Bei uns gibt es Uhrenkontrolleure, die nach der Zeitumstellung tagelang durch die Stadt laufen und die öffentlichen Uhren kontrollieren. Für jede falsch tickende Uhr zahlt man ihnen eine bescheidene Prämie.

Beim Radfahren die Zeit rauszukriegen ohne anzuhalten, ist meine Spezialität. Besonders bei mittelalten Mercedes-Modellen ist die Uhr im Armaturenbrett so groß, dass man sie auch mit 15 km/h noch lesen kann. Wenn es ganz wichtig ist, gucke ich auch in Opel, aber die Uhren sind – wenn überhaupt vorhanden – kleiner und dauernd woanders versteckt.

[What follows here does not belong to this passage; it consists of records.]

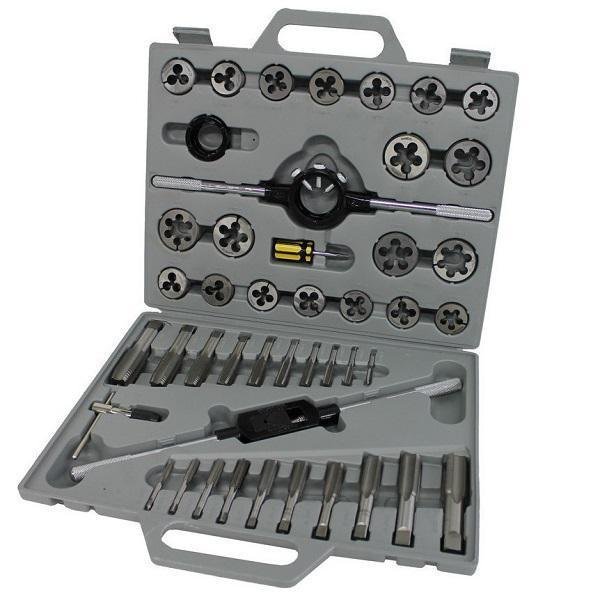 JMC Σετ Κασετίνα Κολαούζα και Φιλιέρες TD45I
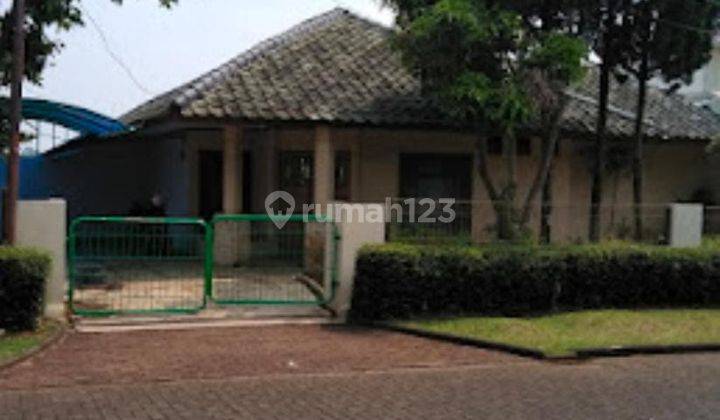 Dijual Rumah Di Dalam Komplek Dekat Kampus Di Jatinangor RSK 1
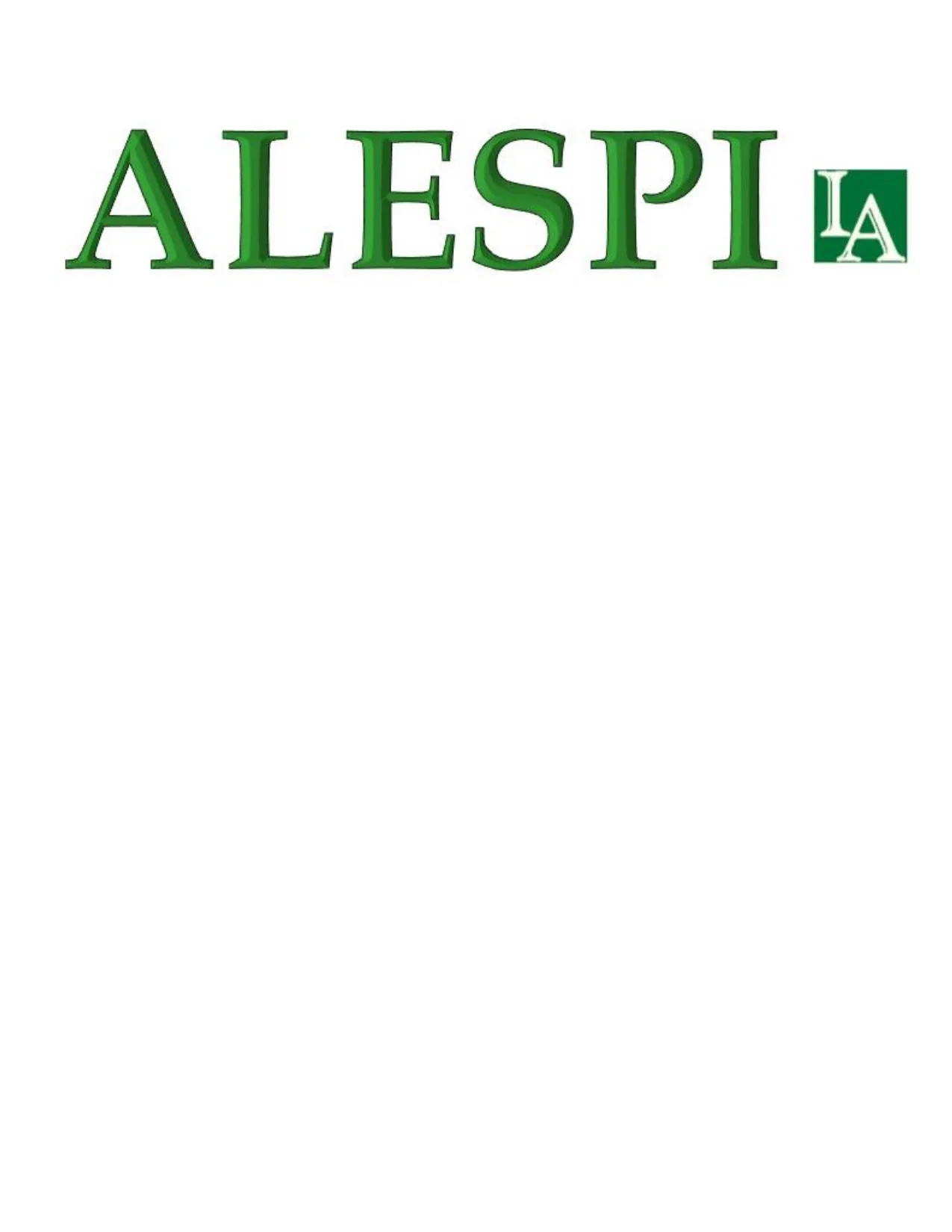 ALESPI IA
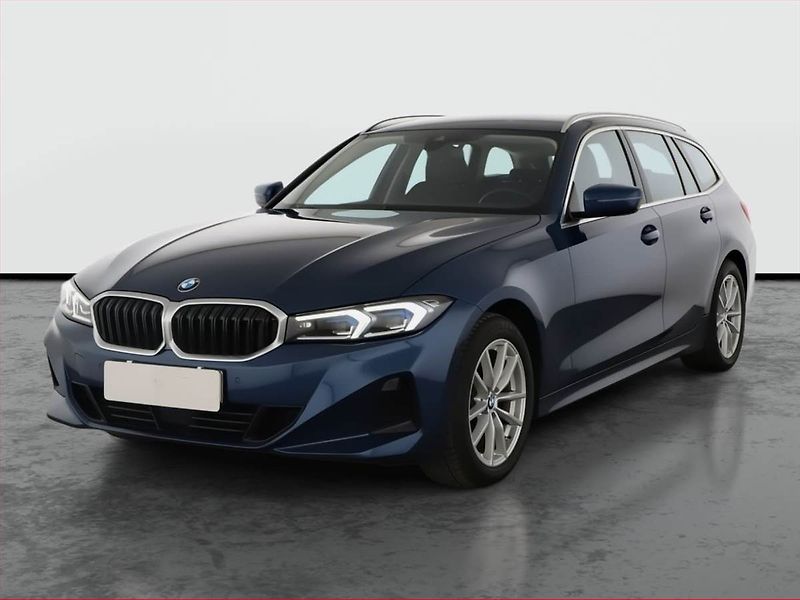 BMW Řada 3 (2023) 318 d - fotka 2 z 19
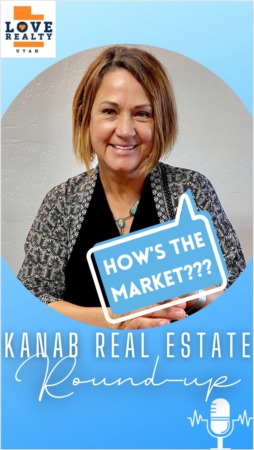 Kanab Real Estate Roundup for the Week of December 12th 2022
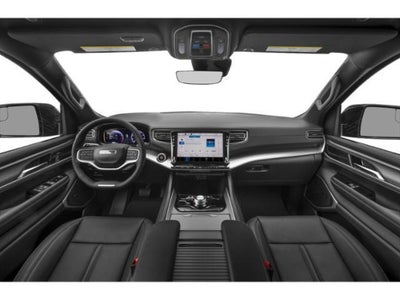 2026 Jeep Grand Wagoneer Limited Altitude 4x4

Passanten auf die Uhr zu schauen im Vorbeigehen, ist auch nicht einfach. Bei vielen rutscht der Mantel über die Armbanduhr. Wenn sie sitzen, halten sie die Arme oft so ungünstig, dass man einfach nicht die Uhr sieht – oder sie bemerken einen, wie man den Kopf zu Boden dreht. Fragen nach der Uhrzeit finde ich schrecklich unangenehm. Warum Telefonzellen nicht die Zeit anzeigen, obwohl sie Telefonkarten lesen können, verstehe ich auch nicht.

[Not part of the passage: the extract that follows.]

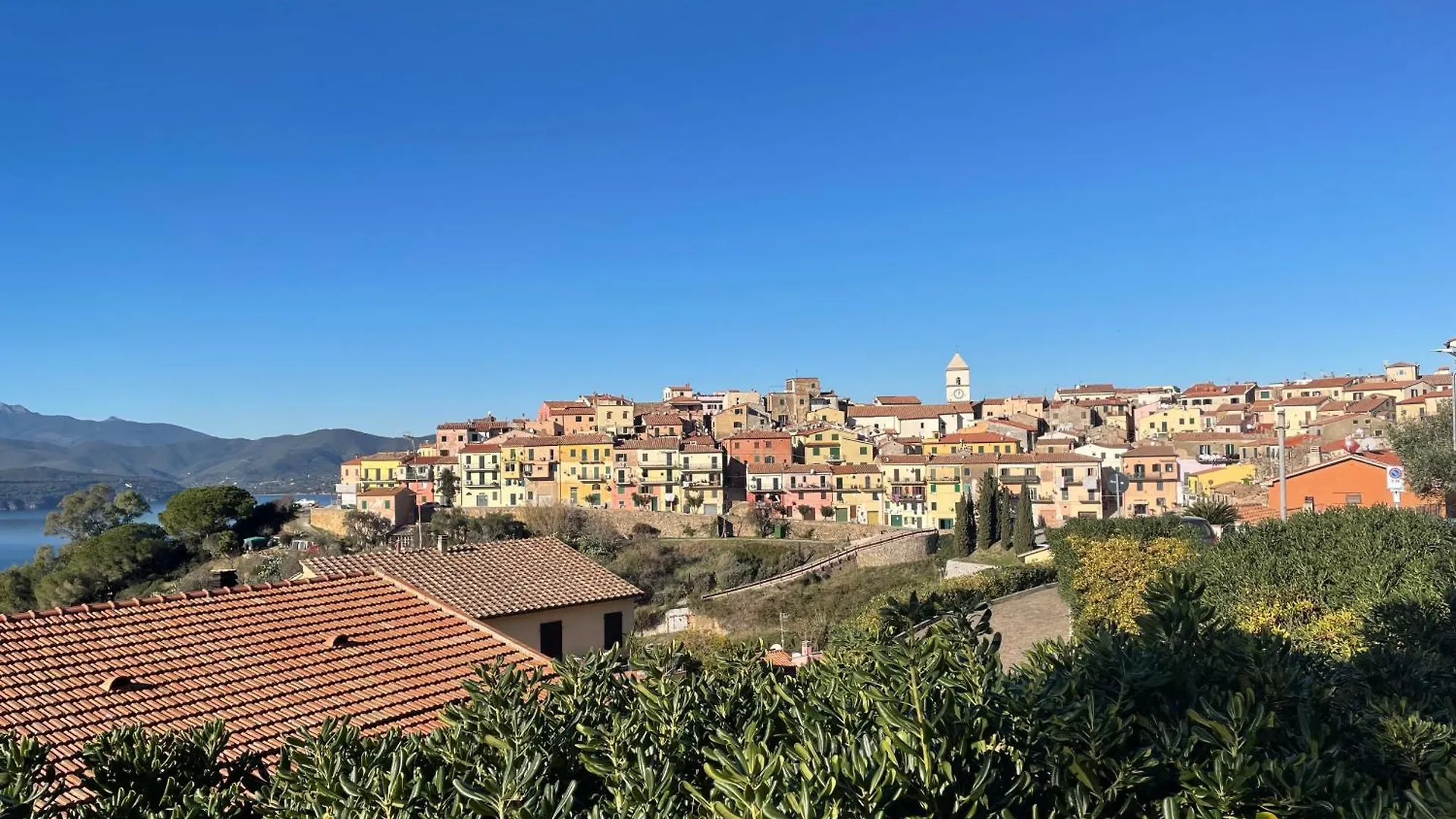 Apartmán Appartamento Nettuno Capoliveri  Itálie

Ich hatte mal eine sehr schöne Uhr mit rotem DB-Logo von der Bahn. Da ich sie aber nie am Handgelenk tragen wollte, ist sie mir bei der Berlinale aus der Jacke gerutscht und seitdem verschwunden. Noch heute sagt die Uhrschenkerin manchmal mit leichtem Tadel: Eigentlich schade, dass du deine Bahnuhr verloren hast.

Kurz vor der Euro-Umstellung versuchen viele noch, ihr Schwarzgeld umzurubeln. Wer ein Nummernkonto in der Schweiz hat, kauft sich gern Schmuck oder teure Luxusuhren, die ja vor Weihnachten sowieso dauernd im TV beworben werden. Weil Uhren keine Zinsen bringen, holen sich ganz Knauserige vom Schweizer Staat die Mehrwertsteuer zurück. Dann verzollen sie die Uhr bei der Einfuhr aber nicht. Die Schweizer rufen deshalb gern ihre Kollegen in Deutschland am Flughafen an, wo der arme Schwarzgeldwäscher prompt gefilzt wird.

Versteht eigentlich jemand, warum es (nicht nur bei Helmut Höge) Normalzeit heißt? Wenn ich früher in den Frankfurter Hauptbahnhof einfuhr, hat mich jedes Mal die Reklame der Firma TN kirre gemacht, die einer der größten Hersteller von öffentlichen Uhren ist oder war. TN heißt Telefonbau und Normalzeit. Ach so, was auch seit Jahren schmerzlich fehlt, ist die Uhr der Stern- und Kreisschifffahrt am Treptower Hafen. Wie sollen die Leute denn ihr Schiff kriegen?

Ganz tragisch und geradezu emblematisch ist der Fall der Bahnhofsuhr von Bologna. Seit dem Anschlag durch Neofaschisten mit vielen Toten streitet man dort darüber, ob die große Bahnhofsuhr repariert werden soll. Einmal schon wurde sie wieder angestellt, dann aber stoppte man sie wieder genau bei der Sekunde des Anschlags, weil sie ein ewiges Mahnmal sein soll. In Kreuzberg beim Mariannenplatz gibt's übrigens eine Uhr, die seit den letzten Maifestspielen kaputt ist. Revolutionären sagt man ja nach, sie würfen gern die Uhren ein.